26
From DFS to Topological Sort
Recently I revisited this leetcode question https://leetcode.com/problems/alien-dictionary/solution/. I first learned about it a year and a half ago when I was a data science fellow at Insight, in New York. It's a fun problem, though a terrible interview question. I think it would be much better if you could at least assume the alien dictionary has no inconsistencies (ie that an order can always be extracted).
Depth-first search is a standard method to explore a graph. For example, let's say we want to print the value of all the nodes in a graph. Here is a(n incorrect) recursive implementation.
def dfs(node):
print(node.val)
for child in node.children:
dfs(child)
There are two big issues with this code. The first is that it might get stuck in a loop. For the graph 1->2->3->1
, calling dfs(node_1)
will loop forever. Let's fix this by keeping track of which nodes have already been visited by the DFS.
def dfs(node):
if node in visited:
return None
print(node.val)
visited.add(node)
for child in node.children:
dfs(child)
visited = set()
The second issue is that it has no awareness of the whole graph. For the graph 1 -> 2 -> 3
, calling dfs(2)
will miss node 1
. So let's assume we have a dictionary edges
, where edges[node]
lists all the children of node
.
def print_nodes(edges):
def dfs(node):
if node in visited:
return None
print(node.val)
visited.add(node)
for child in edges[node]:
dfs(child)
visited = set()
for node in edges.keys():
dfs(node)
For the graph
1
/
2
/ \
3 4
(where I assume the edges are all pointing down) the function above will print the nodes in the order 1,2,3,4
(assuming 3 comes before 4 in edges[node_2]
). This would be a "pre-order" way of printing the graph. The "post-order" way would be
def print_nodes_post(edges):
def dfs(node):
if node in visited:
return None
visited.add(node)
for child in edges[node]:
dfs(child)
print(node)
visited = set()
for node in edges.keys():
dfs(node)
yielding 3,4,2,1
.
Obviously printing out the nodes in a graph is a silly task (we could just directly use edges.keys()

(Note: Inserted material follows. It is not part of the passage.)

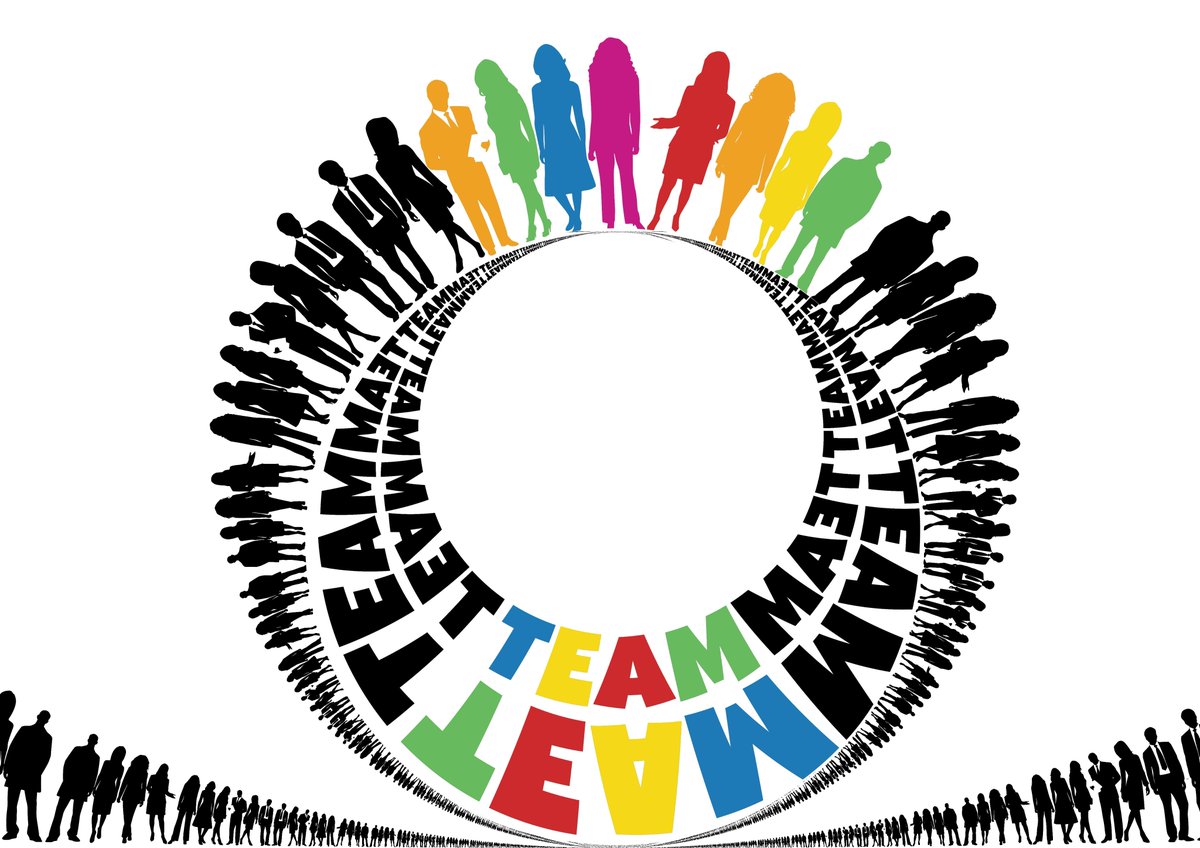 Seprascc's tweet photo. 📢[OFERTES DE FEINA] 

⬆️ Busquem persones per ampliar l'equip
 .Vols sumar-te a la familia @Seprascc?

Necessitem diferents perfils en l'àmbit de la #SeguretatiSalut i de la #Comunicació

📎Més info: https://t.co/0jnMzPP28P https://t.co/mMHtyVzdiY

). The point is that DFS allows us to explore a whole graph, and we can perform tasks as we move along.
def dfs(node):
visited.add(node)
do_some_work_pre_children(node)
for child in edges[node]:
dfs(child)
do_some_work_post_children(node)
Given a graph, let's write a function to detect if it has any cycles. Here is an (incorrect) approach.
def is_acyclic(edges):
def dfs(node):
if node in visited:
# cycle detected?
return False
visited.add(node)
for child in edges[node]:
if dfs(child) is False:
return False
return True
visited = set()
for node in edges.keys():
if node not in visited:
if dfs(node) is False:
return False
return True
The main thought process here is that if upon calling dfs
the node is already in visited
then a cycle must be present. However this is deeply flawed. For example with the graph
1
/ \
2 3
\ /
4
(where again all the edges are pointing downwards) if we start DFS from 0 everything is fine. But if we instead started from node 2 (or 3, or 4) the function will return False
, ie that the graph contains a cycle.
To fix this, we add an additional visited
set, which is specific to the recursion.
def is_acyclic(edges):
def dfs(node):
if node in visited:
return True
visited.add(node)
visited_dfs.add(node)
for child in edges[node]:
if child in visited_dfs:
return False
if dfs(child) is False:
return False
# after we explored node and all its children
# we can remove the temporary marker
# if we don't we'll run into the same issue
# as in the naive approach
visited_dfs.remove(node)
return True
visited = set()
visited_dfs = set()
for node in edges.keys():
if dfs(node) is False:
return False
return True
Let's say you have a graph which represents certain tasks to be executed (eg ETL tasks for an orchestrator like airflow or prefect, or a computation graph for a neural network). Edges in this graph represent a dependency between two tasks. Because of these dependencies, we can't just execute these tasks in a random order. It would be nice if we could extract a total order of the tasks, compatible with the edges, ie if you can go from node a to node b, we should have a < b
in the order.
We can't do this for all graphs. Whatever order we choose for the nodes of 1->2->3->1
it will be incompatible with the graph structure. However if we have a DAG (directed acyclic graph), ie a graph without cycles, then we can. One way to come up with such an order is via DFS. For the graph
0
|
1
/ \
2 3
\ /
4
5
[0,1,2,3,4,5]
, [0,1,3,2,4,5]
, [0,5,1,2,3,4]
are all acceptable orders. The idea is to explore the graph using DFS and to add nodes to the list in post-order. For example let's start by exploring the graph above from the node 2. This will yield the list [4,2]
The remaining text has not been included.